Die Führungen durch Kirche und Hammerschloss mussten geteilt werden, um dem Ansturm gerecht zu werden. Viele Besucher kamen aus dem Landkreis aber auch aus dem nahen Mittelfranken. Unter ihnen auch Pfarrer Gerhard Durst, "Hausherr" der St. Wolfgangskirche, den sein "Nachbarkollege" Schornbaum willkommen hieß. Die zwei Pfarreien liegen zwar in der Gemeinde Hirschbach, gehören aber zu verschiedenen Dekanaten und Bezirken.

Führung mit Paul Haller

Paul Haller, Kirchenvorstand und Obmann der evangelischen Kirchengemeinde Hirschbach, übernahm Führung und Vortrag in der Wolfgangskirche.
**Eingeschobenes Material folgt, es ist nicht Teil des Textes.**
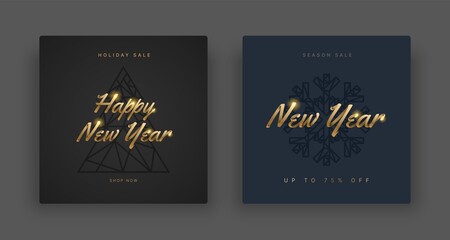 Wall Mural - Happy New Year and Merry Christmas sale stories template set for social media. Vector illustration with gold lettering for flyer, banner and invitation card.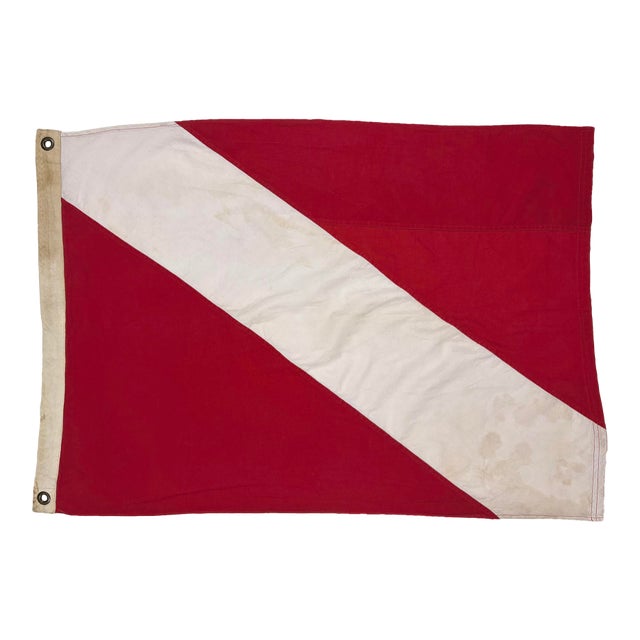Reconstructed Vintage Cotton Nautical Signal Flag, Diver Down For Sale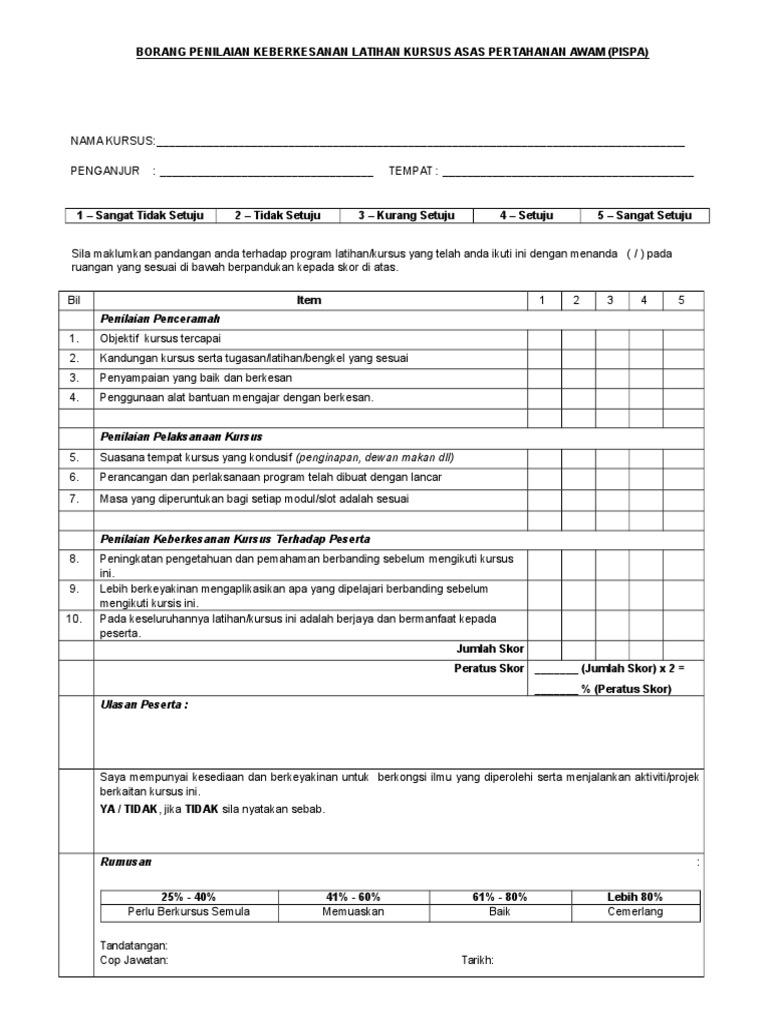 Borang Penilaian Keberkesanan Latihan Pdf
Zur knapp 400 Seelen zählenden Kirchengemeinde, die seit 1957 selbstständig ist, gehören die Orte Hirschbach, Unterklausen, Ober- und Stoffelmühle sowie Hauseck und Loch.
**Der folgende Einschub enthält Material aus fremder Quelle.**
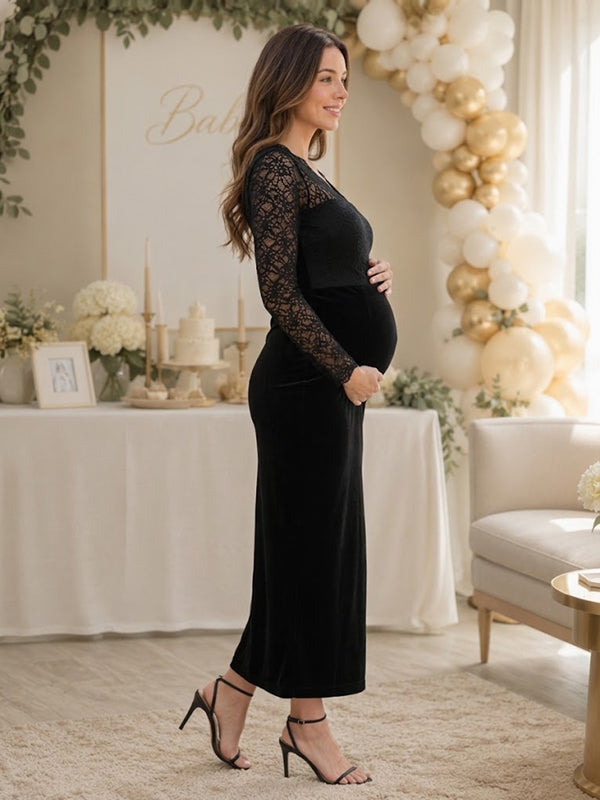 Black Lace Splicing Maternity Maxi Dress with Flattering Bodycon Fit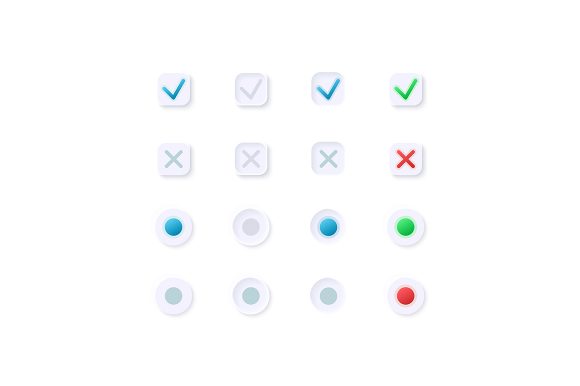 Checkboxes for Media UI Elements Kit: Graphics & UX/UI Kits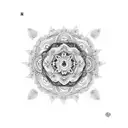 A dotwork mandala design with paw prints and the name 'Mike Mike' hidden within the intricate patterns tattoo design idea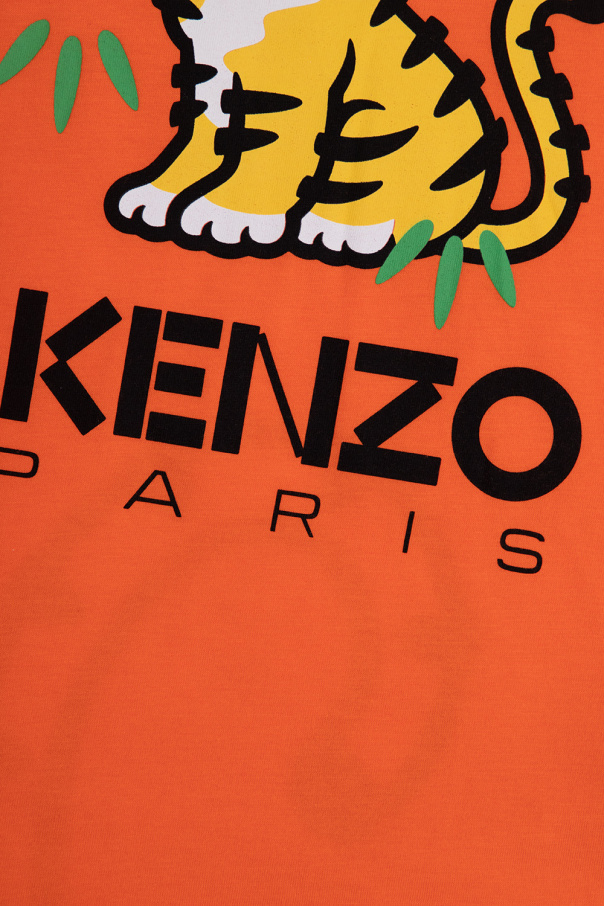 Kenzo Kids sleeveless t-shirt with logo in washed khaki part of a set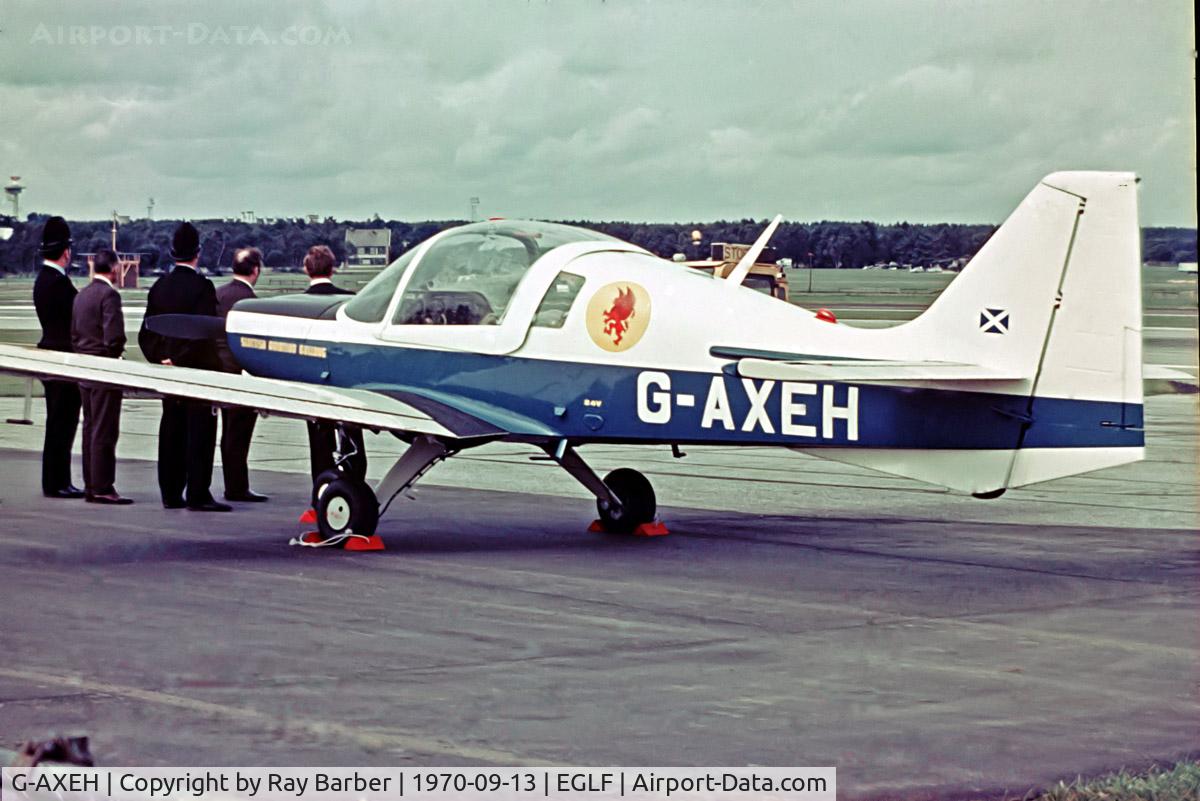 G-AXEH, Scottish Aviation B125 Bulldog 1 C/N B125/001, Scottish Aviation SA.120 Srs.1 Bulldog [001] Farnborough~G 13/09/1970. From a slide.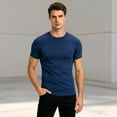 thumbnail image 3 of JTieacloth Men's T Shirts Performance Compression Workout Shirt For Wicking Athletic Top Gym Running Fitness Training Tee With Stretch And Breathable(Blue,L), 3 of 6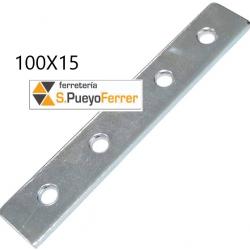 PLACA RECTA UNION 100X15MM 4 UNIDADES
"Mit einer Erlaubnisurkunde vom 18. Juni 1640 von Papst Pius II wurde dem Bürger Jakob Sauerzapf von Sulzbach erlaubt, eine Kapelle in Hirschbach zu erbauen, darin ein tüchtiger Priester möchte Messe lesen, dieweil er die Pfarrkirche zu Eschenbach wegen des weiten Weges und Gefährlichkeit der Mörder nit allewege besuchen könnte", so der Originaltext, den Haller verlas.
Die Kirche wird oft "Sauerzapfsche Kapelle" genannt. Jakob Sauerzapf war zu diesem Zeitpunkt auch der Besitzer des Hammerwerkes und Hammerschlosses in Hirschbach. Der Bau der Kapelle fällt in die Zeit des Spätmittelalters. Anfangs durften nur der Schlossherr mit Gefolge in die Kapelle, das gemeine Volk musste weiterhin nach Eschenbach.
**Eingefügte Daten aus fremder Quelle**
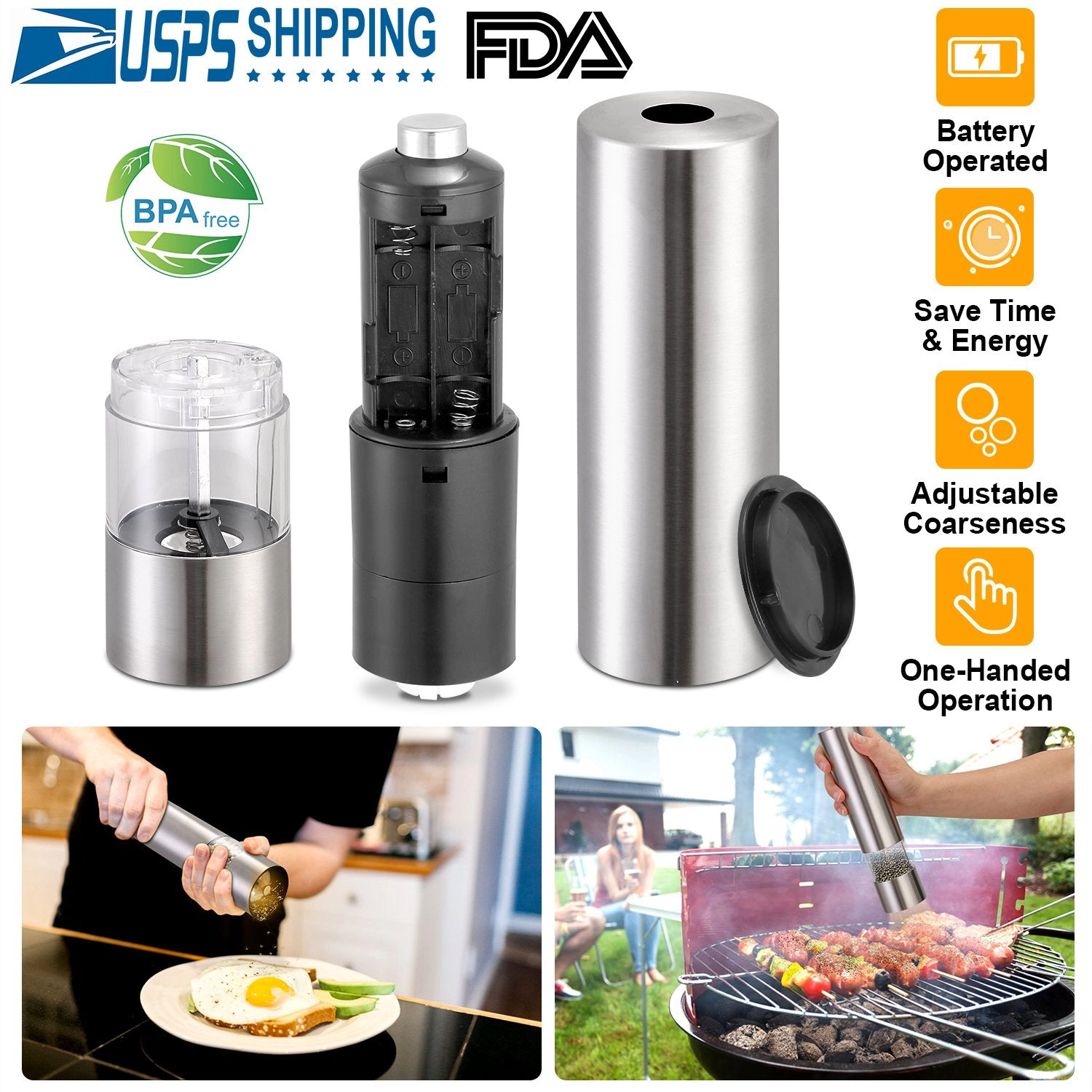 GBruno Electric Salt Pepper Grinder With Light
"Im Jahre 1528 wurde die Kirche und Hirschbach evangelisch durch den Beschluss des Rates der Stadt Nürnberg", so Haller. Die zwei Wappenscheiben in den Fenstern gehen auf die Familie Meindl zurück, die den liegenden Halbmond im Familienwappen haben.

Im Wappen der Gemeinde

In der ersten und zweiten Hälfte des 16. Jahrhunderts sind sie als Schloss- und Hammerwerks-Besitzer in Hirschbach nachgewiesen. Den Halbmond findet man auch im Wappen der politischen Gemeinde, der daraufhin zurückgeht. Der heilige St. Wolfgang mit der Kirche im Arm, rechts der Kanzel und die Maria auf der Mondsichel links schmücken die Kirche. 1852 wurde die Kirche, nachdem sie baufällig war, wieder aufgebaut in den ungefähren heutigen Zustand. Der Turm kam auf die andere Seite. Eine Kanzel bekam man aus Vorra geschenkt, die früher aber seitlich angebracht war.

Letzte Renovierung 2002

Die größte Renovierung erfolgte 1965 bis 1966, da kam die Kanzel dann auch in den Altar. Und seit dieser Zeit gibt es auch einen Posaunenchor, wie der Kirchenvorstand wusste. Die Orgel wurde von 1977 an erneuert und 1986 eingeweiht und die letzte Renovierung erfolgte 2002. Da wurde auch der Außenaufgang angebaut. Gottesdienst waren früher nur sieben Mal im Jahr, zu Pfarrer Metzers Zeiten dann im 14-tägigen Rhythmus und Pfarrer Hornfeck führte dann den wöchentlichen Kirchgang ein, der auch von Pfarrer Durst weitergeführt wird.

Jeden Sonntag hält er um 9 Uhr in Eschenbach und um 10 Uhr in Hirschbach Gottesdienst. Der katholische Gottesdienst ist immer Freitags um 18 Uhr. Paul Haller lud die vielen Zuhörer ein, auch einmal einen Gottesdienst zu besuchen.